Intanto il tramestio al di fuori dello spogliatoio si è quietato, segno che le due squadre hanno ormai raggiunto il campo da gioco. Immagino che non ci vorrà molto prima che qualcuno si palesi sulla porta a chiedermi perché l’Inter è schierata con soli dieci uomini senza il suo capitano. Infatti: dopo un lieve paio di colpetti, da quella porta ha fatto capolino la testa cappellata del Paròn, il Masseroni, in giacca e cravatta. Rotondo e rubizzo come al solito, un sorriso a cui è impossibile imporsi di non corrispondere.

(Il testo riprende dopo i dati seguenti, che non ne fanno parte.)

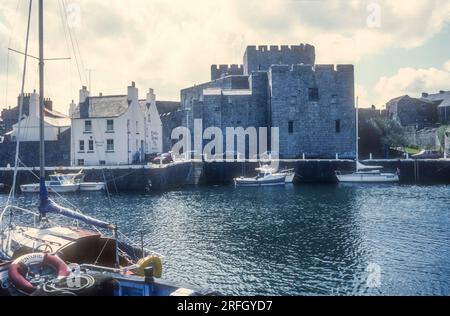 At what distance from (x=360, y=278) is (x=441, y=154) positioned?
142 feet

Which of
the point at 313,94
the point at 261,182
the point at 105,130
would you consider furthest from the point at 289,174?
the point at 105,130

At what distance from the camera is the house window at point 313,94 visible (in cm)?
5031

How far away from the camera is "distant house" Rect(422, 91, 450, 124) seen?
218 ft

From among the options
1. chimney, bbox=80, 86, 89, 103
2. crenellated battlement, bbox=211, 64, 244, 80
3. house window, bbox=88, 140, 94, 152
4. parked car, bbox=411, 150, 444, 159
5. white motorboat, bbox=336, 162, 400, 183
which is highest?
crenellated battlement, bbox=211, 64, 244, 80

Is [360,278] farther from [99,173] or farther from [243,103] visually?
[243,103]

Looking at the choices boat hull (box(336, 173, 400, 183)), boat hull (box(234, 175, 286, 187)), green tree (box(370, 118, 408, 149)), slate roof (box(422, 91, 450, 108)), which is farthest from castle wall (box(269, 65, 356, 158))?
slate roof (box(422, 91, 450, 108))

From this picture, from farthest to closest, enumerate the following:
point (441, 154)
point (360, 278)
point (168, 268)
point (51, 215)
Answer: point (441, 154) < point (51, 215) < point (168, 268) < point (360, 278)

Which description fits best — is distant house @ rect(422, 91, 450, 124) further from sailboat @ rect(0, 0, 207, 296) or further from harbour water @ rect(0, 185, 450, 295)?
sailboat @ rect(0, 0, 207, 296)

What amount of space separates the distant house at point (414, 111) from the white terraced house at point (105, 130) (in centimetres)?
4615

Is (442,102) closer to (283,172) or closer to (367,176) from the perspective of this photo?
(367,176)

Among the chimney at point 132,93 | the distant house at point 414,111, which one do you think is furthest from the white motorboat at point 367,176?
the distant house at point 414,111

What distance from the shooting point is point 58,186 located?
3422cm

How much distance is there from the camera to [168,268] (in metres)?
14.6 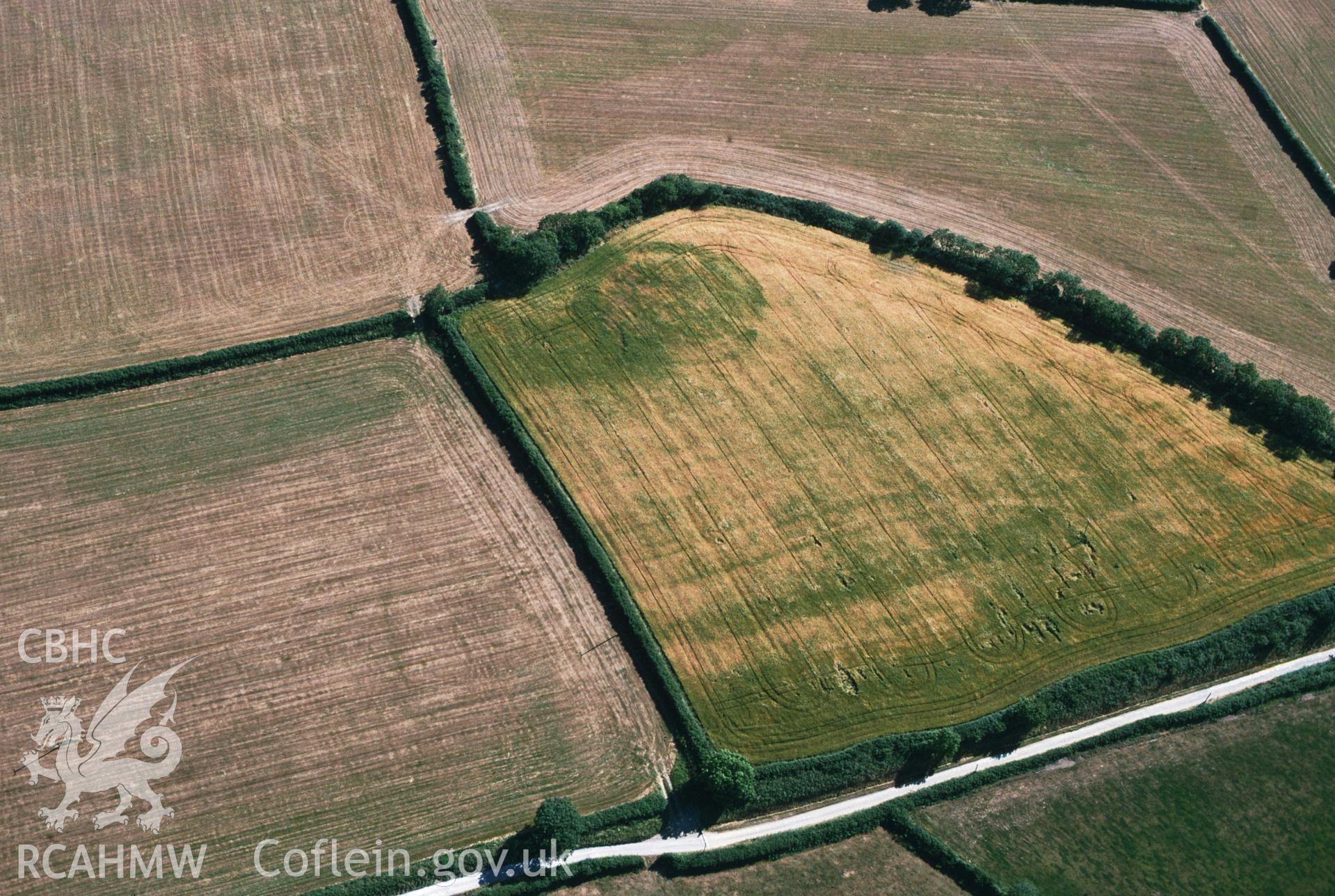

L’eleganza non è il suo forte, come per una sorta di contro bilanciamento rispetto a quella del mio braccio destro. Anche in tenuta istituzionale nerofumo, non riesce a darsi un’aria composta: il cavallo del pantalone che gli arriva di molto sopra l’ombelico, la giacca che balla sulle spalle, il gilet, nero anch’esso, a malapena contiene la pancia da grancassa i cui bottoni sembrano pronti ad essere sparati via. L’andatura, impacciata e dondolante, non fa che peggiorare la sua già misera immagine. Come possa rimanere bardato in quel modo con questo caldo terrificante è un mistero. “Posso?”. Deve aver intuito che non sono felicissimo del suo arrivo, infatti mette una faccia fintamente contrita. Non mi ha fatto niente di male il paròn, mi sta pure simpatico, ma è che proprio, adesso, non ho voglia di vedere nessuno. È rimasto sull’uscio, con aria dubbiosa, cercando di dissimulare una certa preoccupazione, ha unito le mani in atteggiamento di preghiera “Alùra Peppìn, l’è tutta post? ‘Se fèmm?” “Tutto a posto, paròn, niente di che, ho solo bisogno di tirare il fiato un minuto ancora”, gli ho risposto. Non devo essere stato troppo convincente, il Massironi mi si è avvicinato e mi ha messo una mano sulla spalla. “Cià, ndemm a prendar ‘sti due benedeti punti, Peppin, che il Modena l’è già in vacansa”. Povero Massi, chissà che partita pensa di stare vedendo.
I “Canarini” indiavolati di Alfredo Mazzoni
Perché i modenesi sono tutto fuorché in vacanza. Ci hanno messo all’angolo con il loro ritmo forsennato giù dal primo minuto. I miei compagni invece traccheggiano assonnati. Alla porta del Modena siamo riusciti ad avvicinarci solo una volta, grazie ad un calcio d’angolo. Muci ha segnato di testa, e la cosa ha fatto incazzare ancora di più i nostri avversari che hanno preso a martellare di tiri la nostra porta, facendone un vero e proprio tiro a segno. A Franzosi, il nostro portiere, è toccato volare da un palo all’altro, protendersi oltre la traversa, lanciarsi tra le gambe delle indiavolate punte modenesi. Quella loro furia agonistica non è fine a sé stessa: hanno condotto un campionato da protagonisti, contendendo fin a quasi i tre quarti della stagione il titolo al Torino. Adesso, con i granata campioni con tre settimane di anticipo, vorrebbero conservare il loro prestigioso secondo posto. Ma hanno subito dietro la Juventus che non ha ancora abbandonato l’idea di raggiungerli.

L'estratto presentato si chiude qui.